**TO DO:**
The records that follow are to be transcribed in full, without their images.

**SUPPLIED DATA:**
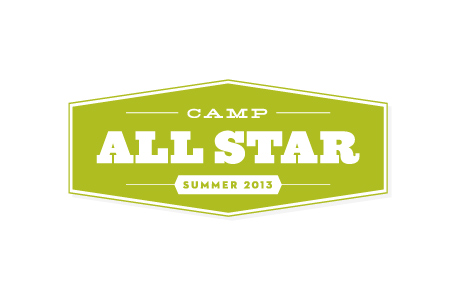 Camp All Star 2013 Logo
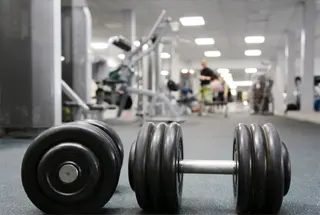 Gymnasium at Kalpataru Ardene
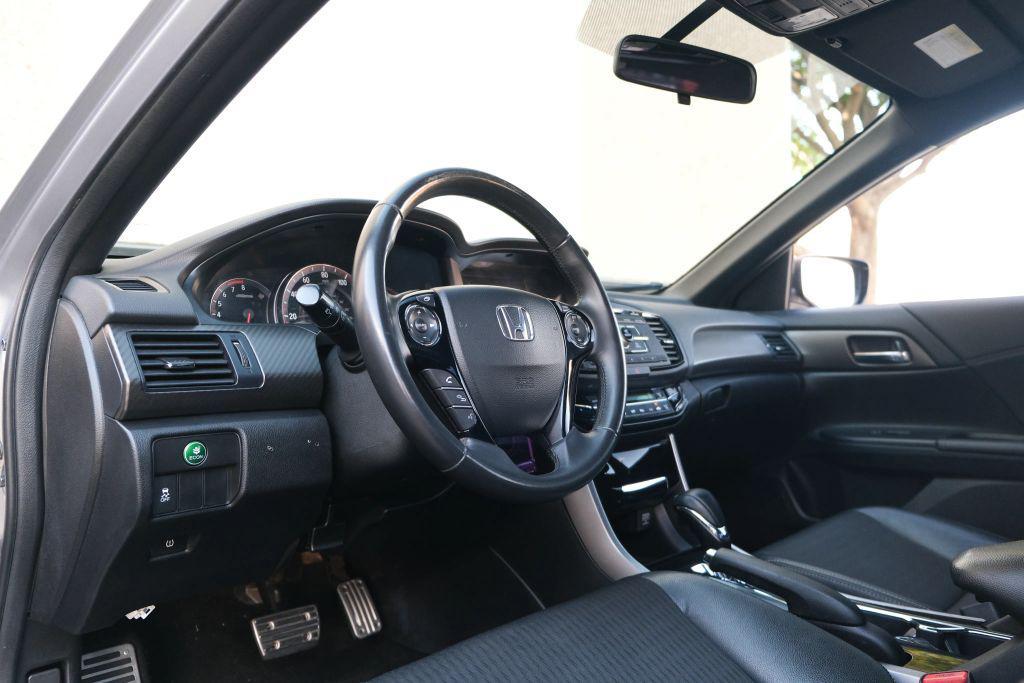used 2017 Honda Accord car, priced at $15,490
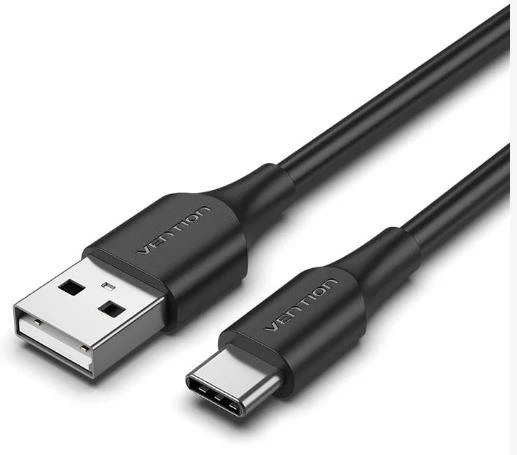 CABLE USB-C TO USB2.0/1M BLACK CTHBF VENTION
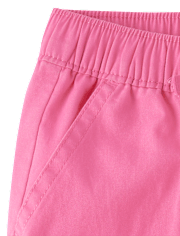 Baby And Toddler Girls Baggy Pull On Jogger Pants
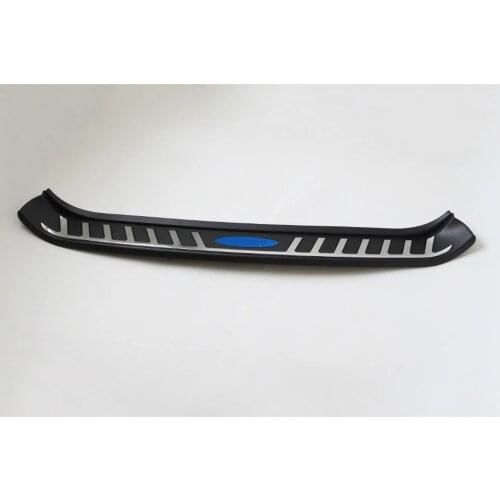 Personality decoration ABS Stainless steel Car Rear Guard Bumper Protector Trim For Nissan Teana 2016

**PROBLEM SOLUTION:**
 Camp All Star 2013 Logo
 Gymnasium at Kalpataru Ardene
used 2017 Honda Accord car, priced at $15,490
 CABLE USB-C TO USB2.0/1M BLACK CTHBF VENTION
 Baby And Toddler Girls Baggy Pull On Jogger Pants
 Personality decoration ABS Stainless steel Car Rear Guard Bumper Protector Trim For Nissan Teana 2016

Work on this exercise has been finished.